Oops, FlowerPower. I spoke too soon. Sorry about unhealthy behavior and spaggieo-os... Perhaps this is the place/blog/forum to ewwww...
They're not the only thing I read in bed, but here and there I definitely bring a cookbook to bed!
um, well, Super Natural Every Day and Flatbreads and Flavors are among the current contenders, along with a new Edna Lewis paperback, and that's my duvet cover too. Strange.
John Thorne is my constant bedtime comfort reading. There is nothing like his various essays on breakfast and the pain of a workday morning--"pierogi or tamale-shaped life preserver' comes to mind.
I was just thinking the other day, "Am I weird that my pre-bed fiction reading of a year before has been replaced by cookbook ogling?" Apparently, I'm not -- I'm flipping my way slowly and diligently through Mastering the Art of French cooking (both volumes). I've skimmed them before, but they're so lovely, they do deserve deeper viewing.

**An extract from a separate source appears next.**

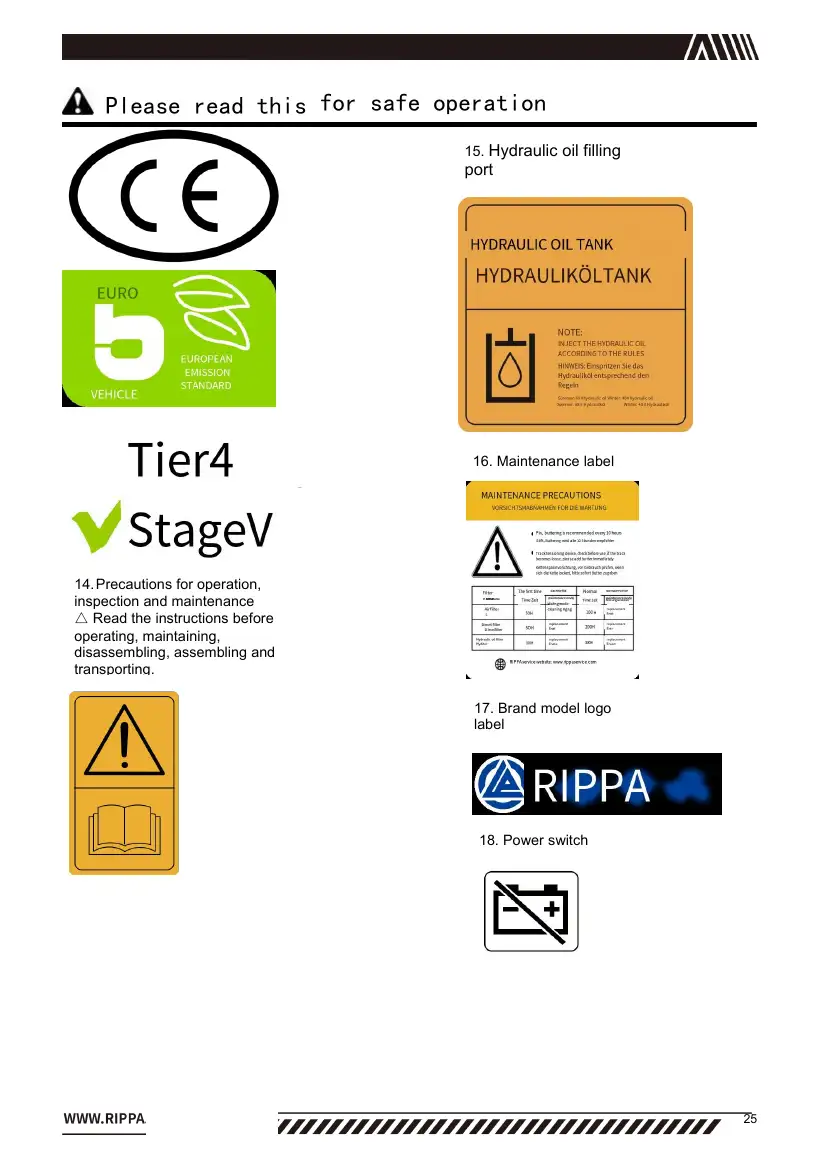 Rippa R32 Instruction Manual V4.1.1, page 25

Absolutely. Right now I have Harold McGee's new book and (hey me too previous post!) Mastering the Art of French Cooking volume 2 on the bedstand.
Since I was ten.
Ever since I realized I could check out cook books at the library. I was about seven years old. I vividly remember the smell of old book bindings and awesomely kitschy 1950's graphics from books like the The Fannie Farmer Cookbook and countless others that sparked my love for cooking. Thanks for the reminder! I think a library trip is in order... ;)
Hells yeah. Regular bedtime reading... for which my sister has always made regular fun of me.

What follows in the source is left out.